FC Dinamo București
- Manager: Angelo Niculescu
- Divizia A: Champions
- Romanian Cup: Semifinals
- Top goalscorer: Alexandru Ene (14)
- ← 19541956 →

= 1955 FC Dinamo București season =

The 1955 season was Dinamo București's seventh season in Divizia A. Dinamo bring the first Romanian title home, winning the championship by three points. During the season, Dinamo played 24 matches, winning 15, drawing 7 and losing only 2.

== Results ==

Divizia A
| Round | Date | Opponent | Stadium | Result |
| 1 | 6 March 1955 | Locomotiva Constanţa | H | 4-1 |
| 2 | 13 March 1955 | Dinamo Oraşul Stalin | A | 2-1 |
| 3 | 20 March 1955 | Ştiinţa Cluj | H | 0-0 |
| 4 | 23 March 1955 | Ştiinţa Timişoara | A | 2-1 |
| 5 | 27 March 1955 | Flamura Roşie Arad | H | 2-0 |
| 6 | 3 April 1955 | Flacăra Petroşani | A | 0-0 |
| 7 | 10 April 1955 | Locomotiva Târgu Mureş | H | 6-1 |
| 8 | 13 April 1955 | CCA București | A | 0-0 |
| 9 | 17 April 1955 | Flacăra Ploieşti | H | 1-1 |
| 10 | 24 April 1955 | Avântul Reghin | H | 1-1 |
| 11 | 1 May 1955 | Progresul București | A | 3-0 |
| 13 | 31 August 1955 | Locomotiva Timişoara | A | 1-5 |
| 14 | 21 August 1955 | Locomotiva Constanţa | A | 1-0 |
| 15 | 24 August 1955 | Dinamo Oraşul Stalin | H | 3-1 |
| 16 | 28 August 1955 | Ştiinţa Cluj | A | 2-0 |
| 17 | 16 October 1955 | Ştiinţa Timişoara | A | 5-2 |
| 18 | 23 October 1955 | Flamura Roşie Arad | A | 4-1 |
| 19 | 26 October 1955 | Flacăra Petroşani | H | 2-1 |
| 20 | 30 October 1955 | Locomotiva Târgu Mureş | A | 2-1 |
| 21 | 6 November 1955 | CCA București | H | 2-1 |
| 22 | 13 November 1955 | Flacăra Ploieşti | H | 1-1 |
| 23 | 16 November 1955 | Avântul Reghin | A | 0-0 |
| 24 | 20 November 1955 | Progresul București | H | 0-1 |
| 26 | 30 November 1955 | Locomotiva Timişoara | H | 2-1 |

| Divizia A 1955 winners |
|---|
| Dinamo București 1st title |

Cupa României
| Round | Date | Opponent | Stadium | Result |
| Last 32 | 13 October 1955 | Locomotiva Turnu Severin | A | 5-0 |
| Last 16 | 2 November 1955 | Flacăra Mediaş | A | 3-2 |
| Quarterfinals | 23 November 1955 | Avântul Fălticeni | A | 1-0 |
| Semifinals | 4 December 1955 | Progresul Oradea | A | 1-2 |

== Squad ==

Goalkeepers: Petre Curcan (4 / 0), Florea Birtașu (18 / 0 ), Nicolae Panaghia (3 / 0).

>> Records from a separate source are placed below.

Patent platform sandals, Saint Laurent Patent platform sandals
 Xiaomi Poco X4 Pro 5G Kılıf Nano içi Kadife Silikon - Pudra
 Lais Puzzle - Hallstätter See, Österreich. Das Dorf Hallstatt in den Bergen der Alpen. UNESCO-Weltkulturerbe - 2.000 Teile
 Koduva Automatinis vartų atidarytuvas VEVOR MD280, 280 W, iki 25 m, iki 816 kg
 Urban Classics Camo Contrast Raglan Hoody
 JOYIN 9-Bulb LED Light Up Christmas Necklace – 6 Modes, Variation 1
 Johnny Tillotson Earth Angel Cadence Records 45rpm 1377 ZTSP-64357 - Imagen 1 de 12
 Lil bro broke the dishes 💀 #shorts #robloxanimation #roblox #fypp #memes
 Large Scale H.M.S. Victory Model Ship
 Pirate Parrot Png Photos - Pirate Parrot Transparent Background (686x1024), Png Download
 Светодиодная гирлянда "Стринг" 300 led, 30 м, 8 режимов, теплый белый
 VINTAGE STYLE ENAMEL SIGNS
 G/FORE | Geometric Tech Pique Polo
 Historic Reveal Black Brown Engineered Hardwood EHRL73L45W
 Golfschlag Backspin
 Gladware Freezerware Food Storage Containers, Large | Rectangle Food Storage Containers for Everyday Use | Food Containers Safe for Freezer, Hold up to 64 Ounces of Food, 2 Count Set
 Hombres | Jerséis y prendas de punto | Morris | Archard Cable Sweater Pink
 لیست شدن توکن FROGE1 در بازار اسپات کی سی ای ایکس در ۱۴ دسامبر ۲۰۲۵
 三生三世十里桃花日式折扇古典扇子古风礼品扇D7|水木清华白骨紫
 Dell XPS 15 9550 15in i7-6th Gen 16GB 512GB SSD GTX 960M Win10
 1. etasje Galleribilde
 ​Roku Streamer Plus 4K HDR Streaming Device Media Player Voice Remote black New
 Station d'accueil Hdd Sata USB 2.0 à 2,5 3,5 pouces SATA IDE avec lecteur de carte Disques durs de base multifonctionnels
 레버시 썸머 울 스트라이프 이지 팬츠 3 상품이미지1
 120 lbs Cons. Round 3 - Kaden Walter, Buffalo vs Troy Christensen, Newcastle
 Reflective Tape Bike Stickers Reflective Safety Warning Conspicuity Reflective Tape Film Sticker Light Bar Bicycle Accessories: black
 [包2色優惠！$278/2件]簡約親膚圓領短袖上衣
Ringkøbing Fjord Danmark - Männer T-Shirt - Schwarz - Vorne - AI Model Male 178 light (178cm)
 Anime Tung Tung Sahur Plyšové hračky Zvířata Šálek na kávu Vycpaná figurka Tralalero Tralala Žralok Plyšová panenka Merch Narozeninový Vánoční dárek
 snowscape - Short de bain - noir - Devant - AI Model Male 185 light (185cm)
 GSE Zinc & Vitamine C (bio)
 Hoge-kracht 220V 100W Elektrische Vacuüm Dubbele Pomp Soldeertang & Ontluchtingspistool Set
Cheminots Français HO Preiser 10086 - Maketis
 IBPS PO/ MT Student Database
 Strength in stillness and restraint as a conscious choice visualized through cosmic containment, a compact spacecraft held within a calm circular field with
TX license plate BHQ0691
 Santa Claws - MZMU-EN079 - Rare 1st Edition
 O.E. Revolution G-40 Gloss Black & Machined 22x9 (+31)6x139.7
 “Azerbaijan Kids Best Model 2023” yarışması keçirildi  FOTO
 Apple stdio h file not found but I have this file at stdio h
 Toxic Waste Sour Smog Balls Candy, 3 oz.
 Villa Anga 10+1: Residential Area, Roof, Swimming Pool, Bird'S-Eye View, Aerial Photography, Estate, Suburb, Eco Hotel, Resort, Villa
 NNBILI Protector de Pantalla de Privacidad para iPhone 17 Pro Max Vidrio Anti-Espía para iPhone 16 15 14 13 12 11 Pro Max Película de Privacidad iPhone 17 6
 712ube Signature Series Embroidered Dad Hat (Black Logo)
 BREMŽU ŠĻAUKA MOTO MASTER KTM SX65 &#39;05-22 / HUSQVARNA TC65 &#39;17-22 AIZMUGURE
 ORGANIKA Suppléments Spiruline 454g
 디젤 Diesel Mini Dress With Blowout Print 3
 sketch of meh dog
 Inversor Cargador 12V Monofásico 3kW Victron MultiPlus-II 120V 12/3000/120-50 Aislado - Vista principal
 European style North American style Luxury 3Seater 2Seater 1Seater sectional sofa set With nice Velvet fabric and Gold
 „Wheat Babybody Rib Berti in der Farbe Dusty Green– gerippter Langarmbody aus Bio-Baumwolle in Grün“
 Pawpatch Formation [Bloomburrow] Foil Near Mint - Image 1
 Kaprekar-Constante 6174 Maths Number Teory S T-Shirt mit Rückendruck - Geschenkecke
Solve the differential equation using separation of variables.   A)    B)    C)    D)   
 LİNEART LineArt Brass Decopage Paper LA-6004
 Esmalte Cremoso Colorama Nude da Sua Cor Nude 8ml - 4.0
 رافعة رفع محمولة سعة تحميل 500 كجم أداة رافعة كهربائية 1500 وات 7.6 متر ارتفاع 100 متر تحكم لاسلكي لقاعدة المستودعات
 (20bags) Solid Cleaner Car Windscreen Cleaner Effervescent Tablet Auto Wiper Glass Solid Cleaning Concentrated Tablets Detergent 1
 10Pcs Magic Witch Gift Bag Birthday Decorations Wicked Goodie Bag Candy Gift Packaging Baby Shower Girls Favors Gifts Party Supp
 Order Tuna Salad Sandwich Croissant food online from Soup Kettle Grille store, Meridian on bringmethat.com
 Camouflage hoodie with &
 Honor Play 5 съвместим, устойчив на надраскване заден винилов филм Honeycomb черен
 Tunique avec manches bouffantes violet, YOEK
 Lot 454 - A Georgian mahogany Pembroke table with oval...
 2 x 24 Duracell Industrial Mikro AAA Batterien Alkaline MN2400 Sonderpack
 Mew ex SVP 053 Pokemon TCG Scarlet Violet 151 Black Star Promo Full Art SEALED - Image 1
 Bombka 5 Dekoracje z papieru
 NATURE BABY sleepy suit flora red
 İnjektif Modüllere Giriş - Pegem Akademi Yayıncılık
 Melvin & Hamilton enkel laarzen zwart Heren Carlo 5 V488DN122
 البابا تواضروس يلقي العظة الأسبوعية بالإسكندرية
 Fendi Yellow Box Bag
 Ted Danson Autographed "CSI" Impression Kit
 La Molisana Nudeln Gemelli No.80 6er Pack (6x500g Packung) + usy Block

Defenders: Gheorghe Băcuț (24 / 0), Ladislau Băcuț (24 / 0), Iosif Szökő (18 / 1).

Midfielders: Valeriu Călinoiu (22 / 1), Gheorghe Toma (24 / 0), Alexandru Nemeş (4 / 0), Florian Anghel (6 / 0).

Forwards: Carol Bartha (11 / 4); Onoriu Boian (8 / 1); Nicolae Dumitru (21 / 2); Alexandru Ene (23 / 14); Valeriu Neagu (23 / 10); Ion Suru (22 / 7); Nicolae Magheţ (11 / 2); Mihai Raica (1 / 0); Gheorghe Niţulescu (1 / 0).

(league appearances and goals listed in brackets)

Manager: Angelo Niculescu.

=== Transfers ===

Titus Ozon leaves Dinamo after five years in the red and white shirt, bound for Progresul București, newly promoted team. The main transfer made by Dinamo is the goalkeeper Petru Curcan from Stiinta Timişoara.